=== Begin Enclosure ===
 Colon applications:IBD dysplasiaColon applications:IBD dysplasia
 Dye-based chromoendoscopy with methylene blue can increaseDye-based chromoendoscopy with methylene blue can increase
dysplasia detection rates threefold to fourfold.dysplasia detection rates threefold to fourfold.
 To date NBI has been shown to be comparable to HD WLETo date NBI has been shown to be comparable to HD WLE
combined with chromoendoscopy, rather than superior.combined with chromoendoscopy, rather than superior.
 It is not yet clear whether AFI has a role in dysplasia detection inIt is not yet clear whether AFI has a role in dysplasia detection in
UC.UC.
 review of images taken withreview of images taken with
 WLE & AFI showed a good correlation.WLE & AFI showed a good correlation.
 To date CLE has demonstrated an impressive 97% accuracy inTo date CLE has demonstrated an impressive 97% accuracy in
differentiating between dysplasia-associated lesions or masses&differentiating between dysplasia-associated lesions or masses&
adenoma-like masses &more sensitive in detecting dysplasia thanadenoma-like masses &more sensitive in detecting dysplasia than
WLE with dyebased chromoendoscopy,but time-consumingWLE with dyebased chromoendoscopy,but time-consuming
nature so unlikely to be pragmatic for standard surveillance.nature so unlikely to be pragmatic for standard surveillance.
=== End Enclosure ===
=== Begin Enclosure ===
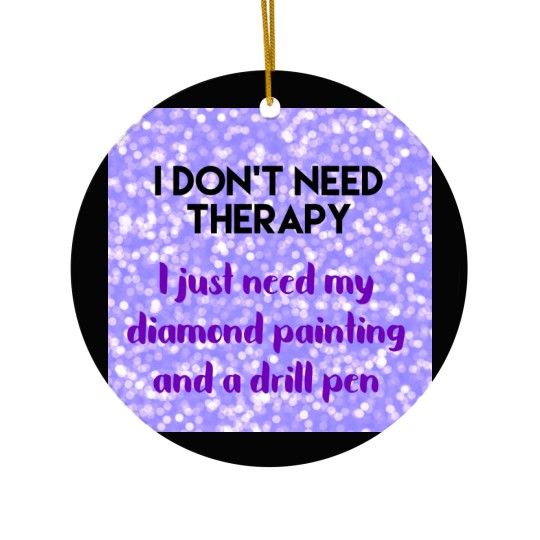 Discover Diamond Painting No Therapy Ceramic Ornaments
=== End Enclosure ===
=== Begin Enclosure ===
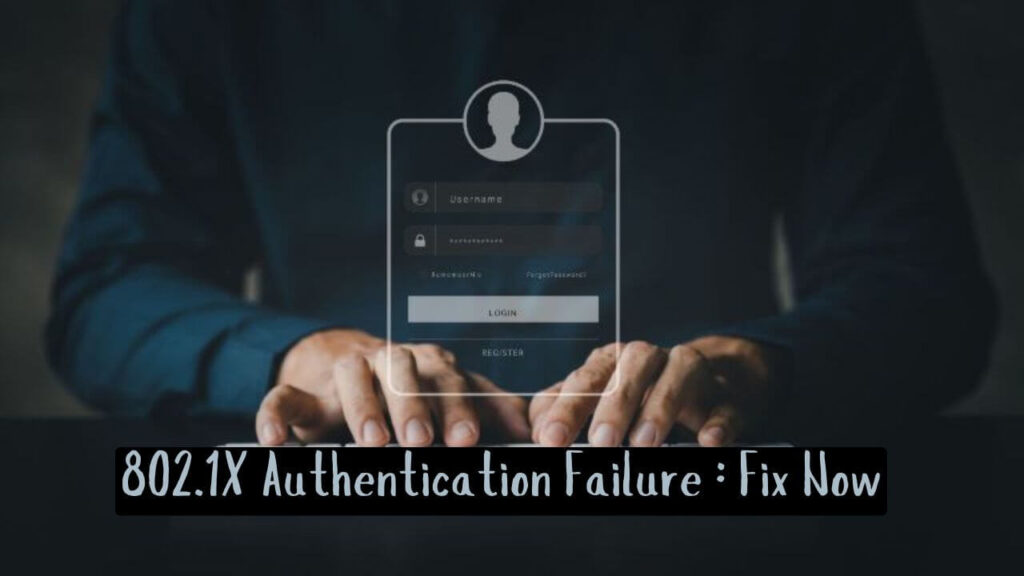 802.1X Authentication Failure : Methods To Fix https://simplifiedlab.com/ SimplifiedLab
=== End Enclosure ===
TASK:
Transcribe each line of the data above, unaltered, from the one where "blue can increaseDye-based" appears to the one where "dysplasia detection rates threefold to fourfold.dysplasia" appears, inclusive of both.

EXPECTED ANSWER:
 Dye-based chromoendoscopy with methylene blue can increaseDye-based chromoendoscopy with methylene blue can increase
dysplasia detection rates threefold to fourfold.dysplasia detection rates threefold to fourfold.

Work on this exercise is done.